Design for multiple and dynamic contexts
The contexts of computer applications used in the office, home, or similar settings are relatively
stable. On the other hand, with mobile applications, there can be a significant number of
additional people, objects, and activities vying for a user’s attention aside from the application or
computer itself [15]. Environmental conditions (e.g., brightness, noise levels, weather) can
change depending on location, time of day, and season. The usability or appropriateness of an
application can change based on these different context factors [7]. For example, in the presence
of strangers, users may feel uncomfortable speaking input aloud, and certain places (e.g.,
libraries) might restrict the use of voice input. Small text sizes may work well under office
conditions but suddenly become unreadable in bright sunshine or in dimly lit spaces. In addition,
users may have one hand, or even both hands, occupied while using a mobile device [8].
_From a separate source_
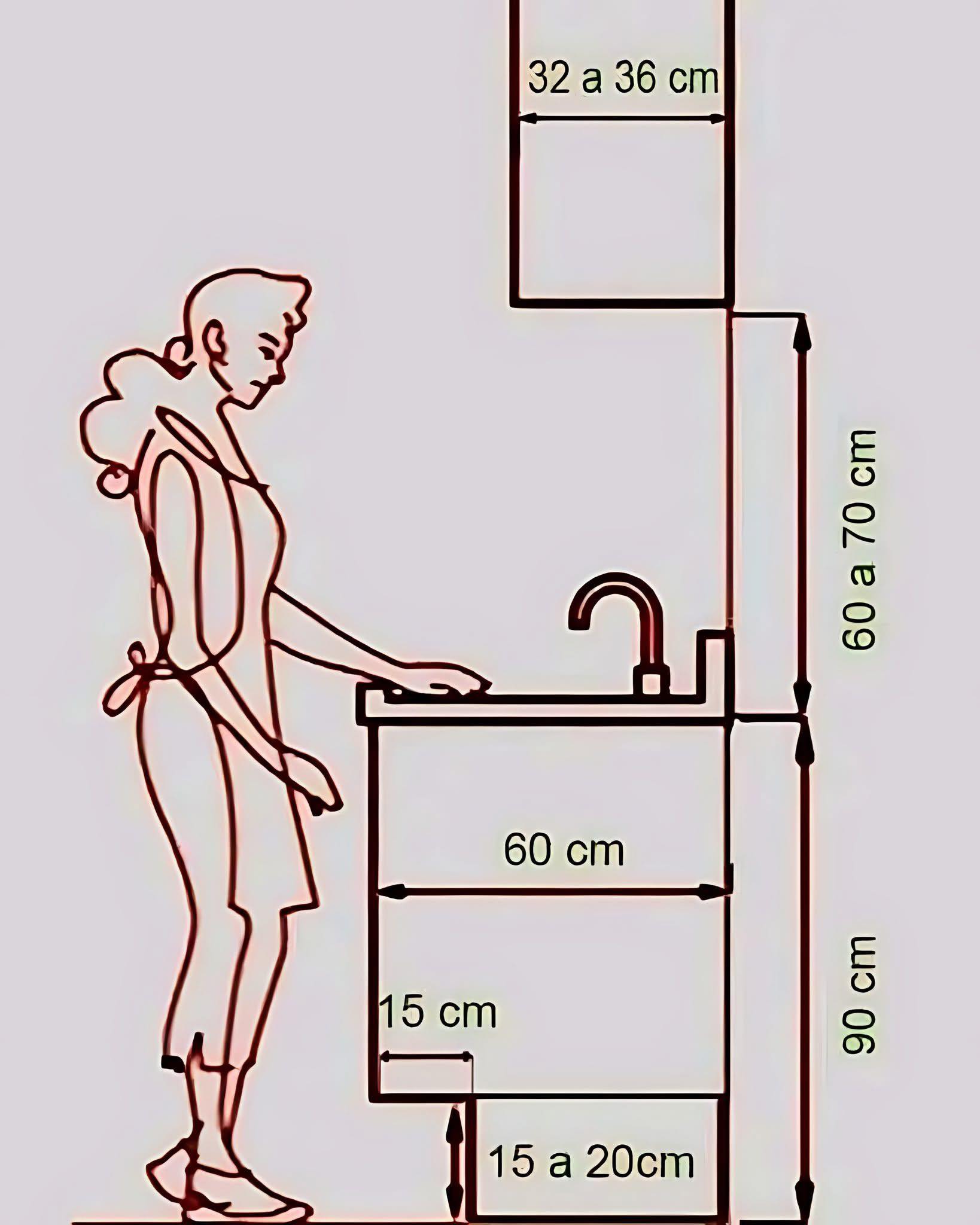 Plumbing - A technical drawing or diagram depicting the ergonomic ...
Therefore, for different contexts, allowing operations with 0, 1, or 2 hands becomes extremely
important to the viability of the interface [7].
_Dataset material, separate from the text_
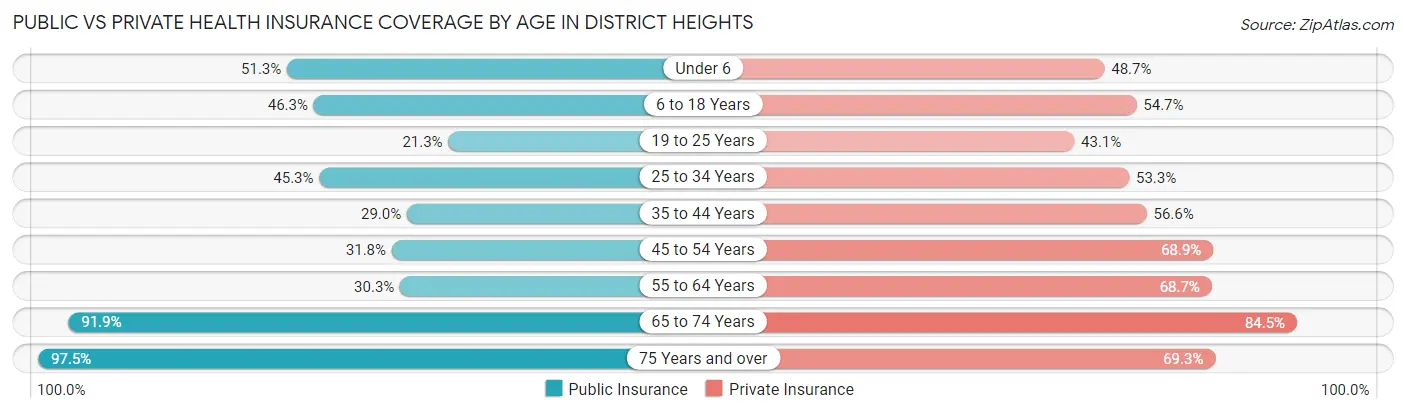 Public vs Private Health Insurance Coverage by Age in District Heights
One way to solve the problem of changing contexts is to implement context-awareness and
self-adapting functionalities [4]. This can potentially save the user effort and frustration, and
increase the usability of applications. Usability in a dynamic environment might also be
improved by devices that derive input indirectly from the user. Schmidt discussed a vision of
mobile computing where devices can “see, hear, and feel.” [13].
Design for Small Devices
As technology continues to advance, mobile platforms will continue to shrink in size and include
items such as bracelets, rings, earrings, buttons, and key chains. New or modified interaction
techniques may be necessary to overcome the physical limitations. Speech input is a viable
alternative for devices too small for buttons. Sound can also be used for output, taking the place
of text or graphics. Holland and Morse investigated an audio interface for a navigation system
that leaves a user’s eyes and hands free for other purposes [5].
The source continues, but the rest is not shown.